Work instructions: From the line containing "RAM 1500 Rebel" to the final line of the material below, return every line exactly. Do not include pictures.

Recorded data:
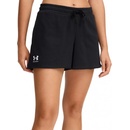 Under Armour UA Rival Terry Short černá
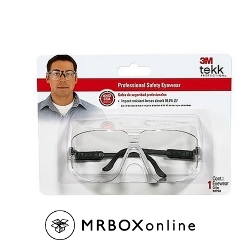 3M Professional Safety Glasses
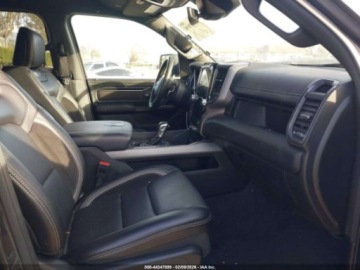  RAM 1500 Rebel 57 Box 2023 5.7 Benzyna 395KM, zdjęcie 9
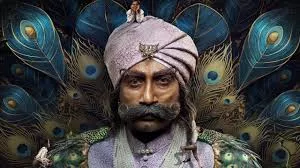 महेश बाबू ने रिलीज किया 'राव बहादुर' का रहस्यमयी टीज़र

Result of this exercise:
  RAM 1500 Rebel 57 Box 2023 5.7 Benzyna 395KM, zdjęcie 9
 महेश बाबू ने रिलीज किया 'राव बहादुर' का रहस्यमयी टीज़र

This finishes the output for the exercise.